In addition to the existing limitations on the right to bring actions against the validity of the resolutions adopted in connection with technical disruptions in electronic participation and voting (section 243(3) no 1 Stock Corporation Act), actions against the validity of the resolutions adopted in relation to virtual general meetings will be further severely restricted. A violation of the above requirements for a purely virtual AGM does not constitute a legitimate basis upon which to challenge a resolution unless the company can be proven to have acted intentionally. The same applies to violations of the future obligation to confirm receipt of votes cast electronically (section 118(1) sentences 3 to 5, (2) sentence 2 Stock Corporation Act), which (according to the current status) applies for the first time to AGMs convened after 3 September 2020. This is deliberately intended to make the basic decision for a purely virtual AGM largely free of challenge, so that companies will not shrink back from using this option solely because of the risk of challenges.

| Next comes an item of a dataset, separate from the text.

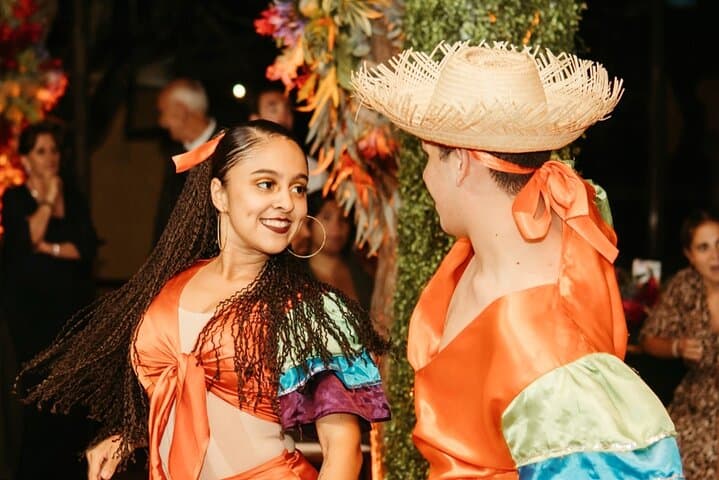 Dinner with Private Show in Tiquicia Traditional Nights 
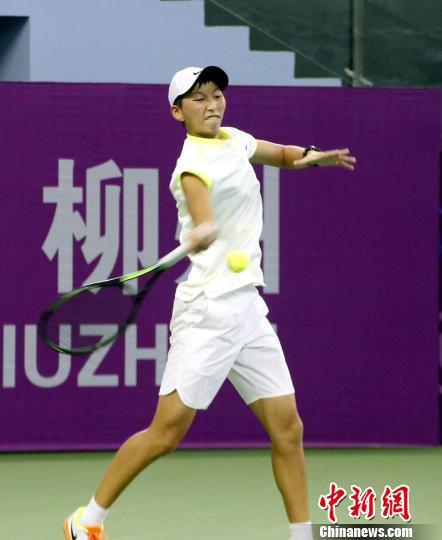 “柳州银行杯”ITF国际女子网球巡回赛·柳州站开赛，图为中国选手尤晓迪。　朱柳融 摄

"Acceptance" of the violation (so called conditional intent (bedingter Vorsatz)) is probably sufficient for an intentional violation of the regulations, which will continue to be a legitimate basis for avoidance. In this respect, the company is only responsible for its own IT infrastructure. Further, the burden of proof for the company’s intentional conduct, as in the context of section 243(3) no 1 Stock Corporation Act, lies with the plaintiff. However, in order to avoid remaining risks, the concrete feasibility and implementation of the above technical requirements must nevertheless be discussed and documented at an early stage and in close collaboration with legal advisors, the technical service provider for the AGM, and the notary who prepares the minutes of the meeting.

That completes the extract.